Het vorenstaande leidt de voorzieningenrechter tot het oordeel dat het onwaarschijnlijk is te achten dat de bestreden besluiten in een eventuele hoofdzaak de rechterlijke toets zouden kunnen doorstaan. Nu de hiervoor vermelde gebreken evenwel - naar het zich laat aanzien - zijn te herstellen bij verweerders heroverweging, als bedoeld in artikel 7:11 van de Awb, bij de beslissing(en) op bezwaar, hoeft hierin - op zichzelf beschouwd - geen aanleiding te worden gevonden tot toewijzing van de onderhavige verzoeken.
Ook anderszins acht de voorzieningenrechter een dergelijke aanleiding niet aanwezig: niet gebleken is dat er aan de zijde van verzoekster een zwaarwegend belang bestaat dat zou moeten nopen tot het treffen van een voorlopige voorziening. Naar ter zitting is gebleken bestaat het voornaamste bezwaar van verzoekster tegen de bestreden besluiten in de vrees voor toename van het vrachtverkeer in straat waarin haar pand is gelegen. Gesteld is dat er afspraken zijn gemaakt omtrent de bevoorrading van de bedrijven op het achter dit pand gelegen, door de te (re)construeren afrit te ontsluiten PDV-lokatie, inhoudende dat vrachtverkeer geen gebruik zal maken van deze afrit, maar van de weg waaraan het pand van verzoekster is gelegen. Daargelaten de juistheid van deze stelling, moet worden geoordeeld dat deze vrees betrekking heeft op een toekomstige ontwikkeling die, naar ter zitting is bevestigd, enkel kan worden gerealiseerd door het nemen van een verkeersbesluit, waartegen (alsdan) bezwaar kan worden gemaakt. Hierin kan daarom geen aanleiding worden gevonden voor het toewijzen van de onderhavige verzoeken. Van andere in dezen relevante belangen van verzoekster is niet kunnen blijken.

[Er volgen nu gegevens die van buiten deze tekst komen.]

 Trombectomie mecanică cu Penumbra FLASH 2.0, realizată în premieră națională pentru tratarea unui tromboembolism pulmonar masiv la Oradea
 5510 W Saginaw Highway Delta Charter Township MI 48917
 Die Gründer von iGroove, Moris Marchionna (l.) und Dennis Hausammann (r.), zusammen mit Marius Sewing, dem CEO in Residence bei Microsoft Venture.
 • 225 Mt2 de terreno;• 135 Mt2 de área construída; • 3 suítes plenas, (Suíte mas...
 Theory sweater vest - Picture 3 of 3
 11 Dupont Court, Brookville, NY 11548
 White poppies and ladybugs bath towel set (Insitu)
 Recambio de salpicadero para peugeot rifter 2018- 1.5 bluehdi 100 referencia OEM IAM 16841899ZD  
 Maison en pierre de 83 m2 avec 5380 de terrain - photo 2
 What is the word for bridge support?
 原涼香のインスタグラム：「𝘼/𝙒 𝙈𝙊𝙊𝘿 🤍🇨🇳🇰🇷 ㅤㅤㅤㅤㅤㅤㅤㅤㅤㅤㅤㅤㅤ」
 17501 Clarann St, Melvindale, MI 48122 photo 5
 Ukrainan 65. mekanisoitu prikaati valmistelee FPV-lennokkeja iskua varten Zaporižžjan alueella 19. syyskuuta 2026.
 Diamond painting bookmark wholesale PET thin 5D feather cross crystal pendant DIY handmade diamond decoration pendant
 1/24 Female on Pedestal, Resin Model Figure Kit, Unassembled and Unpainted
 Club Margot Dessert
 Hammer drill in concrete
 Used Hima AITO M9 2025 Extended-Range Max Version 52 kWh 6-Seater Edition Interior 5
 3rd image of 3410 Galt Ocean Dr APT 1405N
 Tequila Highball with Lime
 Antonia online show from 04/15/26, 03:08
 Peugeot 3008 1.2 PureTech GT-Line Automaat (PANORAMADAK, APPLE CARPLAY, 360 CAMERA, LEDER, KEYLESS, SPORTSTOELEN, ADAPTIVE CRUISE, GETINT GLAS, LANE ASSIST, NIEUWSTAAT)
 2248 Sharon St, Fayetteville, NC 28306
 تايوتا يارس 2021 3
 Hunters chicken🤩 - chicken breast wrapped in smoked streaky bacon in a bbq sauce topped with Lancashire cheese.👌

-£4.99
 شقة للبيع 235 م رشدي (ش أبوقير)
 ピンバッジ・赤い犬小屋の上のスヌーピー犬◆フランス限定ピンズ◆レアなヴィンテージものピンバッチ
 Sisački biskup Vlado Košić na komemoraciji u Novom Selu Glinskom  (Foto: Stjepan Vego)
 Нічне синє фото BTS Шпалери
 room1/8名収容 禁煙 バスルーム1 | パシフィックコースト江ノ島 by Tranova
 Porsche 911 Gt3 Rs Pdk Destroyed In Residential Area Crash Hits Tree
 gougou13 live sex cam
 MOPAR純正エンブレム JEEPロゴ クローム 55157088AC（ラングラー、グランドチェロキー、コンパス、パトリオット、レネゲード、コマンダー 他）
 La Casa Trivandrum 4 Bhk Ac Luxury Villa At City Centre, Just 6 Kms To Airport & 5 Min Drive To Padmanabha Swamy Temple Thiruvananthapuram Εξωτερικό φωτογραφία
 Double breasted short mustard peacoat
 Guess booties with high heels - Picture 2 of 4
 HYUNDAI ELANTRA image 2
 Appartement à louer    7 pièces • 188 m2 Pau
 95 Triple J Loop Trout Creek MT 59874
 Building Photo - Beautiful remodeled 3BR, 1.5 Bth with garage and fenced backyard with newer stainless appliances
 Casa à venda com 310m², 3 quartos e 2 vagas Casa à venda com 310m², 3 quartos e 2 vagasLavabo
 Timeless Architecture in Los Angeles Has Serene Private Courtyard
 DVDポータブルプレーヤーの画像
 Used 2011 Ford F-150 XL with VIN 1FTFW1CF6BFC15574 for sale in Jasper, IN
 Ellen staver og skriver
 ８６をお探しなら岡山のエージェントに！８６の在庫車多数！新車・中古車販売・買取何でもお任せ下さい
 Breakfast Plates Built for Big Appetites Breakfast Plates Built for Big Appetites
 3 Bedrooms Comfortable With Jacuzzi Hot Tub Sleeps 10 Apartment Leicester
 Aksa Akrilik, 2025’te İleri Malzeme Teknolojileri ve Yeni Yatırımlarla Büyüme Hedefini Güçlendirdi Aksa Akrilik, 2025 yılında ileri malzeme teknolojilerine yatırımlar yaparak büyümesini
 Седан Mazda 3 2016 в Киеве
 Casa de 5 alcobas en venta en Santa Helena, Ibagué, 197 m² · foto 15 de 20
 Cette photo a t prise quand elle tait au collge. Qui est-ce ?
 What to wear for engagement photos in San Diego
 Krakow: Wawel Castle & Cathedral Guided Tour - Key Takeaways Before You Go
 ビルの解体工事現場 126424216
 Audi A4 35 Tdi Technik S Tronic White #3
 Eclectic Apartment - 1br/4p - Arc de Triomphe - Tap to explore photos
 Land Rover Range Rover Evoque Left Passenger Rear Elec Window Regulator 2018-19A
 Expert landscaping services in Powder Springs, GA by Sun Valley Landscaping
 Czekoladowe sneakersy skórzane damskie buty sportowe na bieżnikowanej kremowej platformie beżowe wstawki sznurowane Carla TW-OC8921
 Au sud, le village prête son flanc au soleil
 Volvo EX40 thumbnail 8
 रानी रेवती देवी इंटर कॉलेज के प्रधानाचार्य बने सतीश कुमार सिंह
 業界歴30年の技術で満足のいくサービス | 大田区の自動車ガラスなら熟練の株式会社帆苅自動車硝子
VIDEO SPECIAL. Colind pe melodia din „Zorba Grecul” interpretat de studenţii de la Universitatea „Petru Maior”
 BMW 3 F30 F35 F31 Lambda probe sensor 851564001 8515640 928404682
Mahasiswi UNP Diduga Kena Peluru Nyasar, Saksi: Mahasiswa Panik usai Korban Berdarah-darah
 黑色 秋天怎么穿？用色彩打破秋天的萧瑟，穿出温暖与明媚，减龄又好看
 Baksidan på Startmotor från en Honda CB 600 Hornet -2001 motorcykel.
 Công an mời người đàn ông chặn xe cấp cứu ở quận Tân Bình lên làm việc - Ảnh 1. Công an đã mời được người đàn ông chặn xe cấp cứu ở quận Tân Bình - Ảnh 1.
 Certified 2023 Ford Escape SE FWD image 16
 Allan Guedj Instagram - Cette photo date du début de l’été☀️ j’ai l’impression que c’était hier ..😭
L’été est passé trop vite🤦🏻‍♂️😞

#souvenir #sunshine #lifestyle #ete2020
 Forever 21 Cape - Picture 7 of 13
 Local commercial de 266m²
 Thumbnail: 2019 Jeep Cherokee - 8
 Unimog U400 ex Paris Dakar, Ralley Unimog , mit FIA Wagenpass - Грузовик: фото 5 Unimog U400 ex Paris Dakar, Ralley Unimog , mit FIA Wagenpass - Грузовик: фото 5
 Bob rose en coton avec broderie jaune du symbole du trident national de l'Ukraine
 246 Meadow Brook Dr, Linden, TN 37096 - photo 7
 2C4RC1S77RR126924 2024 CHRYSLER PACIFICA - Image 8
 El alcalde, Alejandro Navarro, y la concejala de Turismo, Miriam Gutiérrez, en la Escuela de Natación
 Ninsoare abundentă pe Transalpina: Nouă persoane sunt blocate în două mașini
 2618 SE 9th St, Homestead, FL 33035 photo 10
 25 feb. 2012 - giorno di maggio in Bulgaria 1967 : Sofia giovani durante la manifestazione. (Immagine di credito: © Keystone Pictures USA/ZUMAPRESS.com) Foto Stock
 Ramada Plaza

Op grond van het vorenoverwogene acht de voorzieningenrechter geen termen aanwezig voor toewijzing van de onderhavige verzoeken; deze zullen derhalve worden afgewezen. Gelet op de (vele) gebreken in de bestreden besluiten acht de voorzieningenrechter wèl termen aanwezig gebruik te maken van de hem in artikel 8:82, vierde lid, van de Awb gegeven bevoegdheid en te bepalen dat verweerder (althans de Provincie Limburg) het door verzoekster betaalde griffierecht zal dienen te vergoeden.
Mitsdien wordt beslist als volgt.
De voorzieningenrechter van de rechtbank Maastricht:
- wijst de verzoeken tot het treffen van een voorlopige voorziening af;
- gelast dat de Provincie Limburg aan verzoekster het voor de onderhavige procedures gestorte griffierecht (€ 281,00) volledig vergoedt.
Aldus gedaan door mr. R.M.M. Kleijkers in tegenwoordigheid van mr. D.H.J. Laeven als griffier en in het openbaar uitgesproken op 24 november 2006.
w.g. D. Laeven w.g. R. Kleijkers
Voor eensluidend afschrift:
de wnd. griffier:
verzonden op: 28 november 2006
AZ3157
Tegen deze uitspraak staat geen rechtsmiddel open.